Anche per questo rispetto va segnalata l'indipendenza di D. nell'evitare il confronto diretto tra i due personaggi che pure assumono una parte notevole nella sua opera (specie nella Commedia); ma indubbiamente l'intenso rilievo morale che assume Catone nel canto I del Purgatorio dev'essere un riflesso dell'esaltazione polemica in senso anticesariano che ne faceva Lucano nel suo poema. Ma d'incertezze e contraddizioni riguardo a G. C. si potrebbero citare molteplici esempi medievali: tra i più significativi l'interessante affermazione di Giovanni di Salisbury, che " in re publica nemo tyrannorum Caesare magis accessit ad principem; licet enim rem publicam oppressisset, populus tamen Romanus omnia quae ipse decreverat approbavit, forte veritus seditionem et civilis belli reciduam passionem " (Policr. VIII VII, ediz. Webb II p. 264); dov'è sottintesa la distinzione tra il princeps, " potestas publica et in terris quaedam divinae maiestatis imago " (Policr. IV I, Webb I p. 235) e il tiranno, quale sarebbe stato in realtà G. C. pur avvicinandosi più di ogni altro alla condizione legittima di princeps (e va notato che altrove il Saresberiense cita Bruto come exemplum accanto a Catone Uticense in un capitolo De Libertatis amore et favore [Policr. VII XXV, Webb II p. 218]), mentre altrove anche per Giovanni " primus Romanorum imperator Iulius Caesar " (Policr. III XIV; Webb I p. 225). Nella documentazione a grandissime linee di questi atteggiamenti della cultura medievale possono accostarsi ai testi citati le parole di Tolomeo da Lucca nella continuazione del De Regimine principum di s. Tommaso: ivi è detto che nell'ambito della " monarchia " romana (cioè dell'egemonia sul mondo, esercitata dapprima dai consoli) G. C. " primus usurpavit imperium; sed parum in ipsum supervixit, a senatoribus quidem occisus propter abusum dominii " (III XII 996, ediz. Spiazzi p. 313); e si ribadisce che " in regimine Romano a regum expulsione dominium fuerit politicum [cioè democratico], usque ad usurpationem imperii, quod fuit quando Iulius Caesar... singulare sibi assumpsit dominium et monarchiam, convertitque politiam in despoticum principatum, sive tyrannicum " (IV I 1031, Spiazzi p. 326).
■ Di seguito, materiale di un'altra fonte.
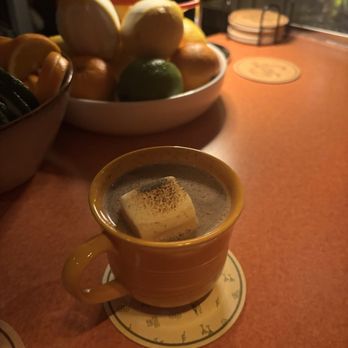 Double Fun - A ceramic mug filled with hot chocolate topped with a large marshmallow is placed on a coaster on a restaurant table. In the background, there are bowls of fruit, including lemons, limes, and possibly oranges, on the table. The setting appears to be indoors with warm lighting, and the table surface is a reddish color. The scene suggests a cozy dining or dessert experience. - Cocktail Bars Near Me - Chicago, Illinois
Una volta registrate queste tendenze della cultura medievale nei riguardi di G. C. potrà forse attribuirsi alla loro influenza la relativa parsimonia dei riferimenti danteschi; ma è ben più certo il fatto che D. vede il personaggio in una prospettiva che non è condizionata in alcun modo da pregiudiziali analoghe a quelle che risuonano nei testi citati qui sopra. Ricordato piuttosto incidentalmente nel Convivio (III V 12, IV V 12, XIII 12 [cfr. Pd XI 68-69; e v. AMICLATE]), G. C. si presenta nel Limbo armato con li occhi grifagni (If IV 123), con Elettra e altri compagni fra cui D. riconosce Ettore ed Enea (seguono nell'enumerazione Camilla e Pentesilea). Se il gruppo sia costituito secondo un disegno coerente, non appare chiaro: e a chi suppone che qui e nei versi seguenti D. volesse ricordare personaggi connessi ai momenti capitali della storia di Roma può facilmente obiettarsi che Elettra, Ettore e la Pentesilea non sembrano avere alcun rapporto con quegli eventi.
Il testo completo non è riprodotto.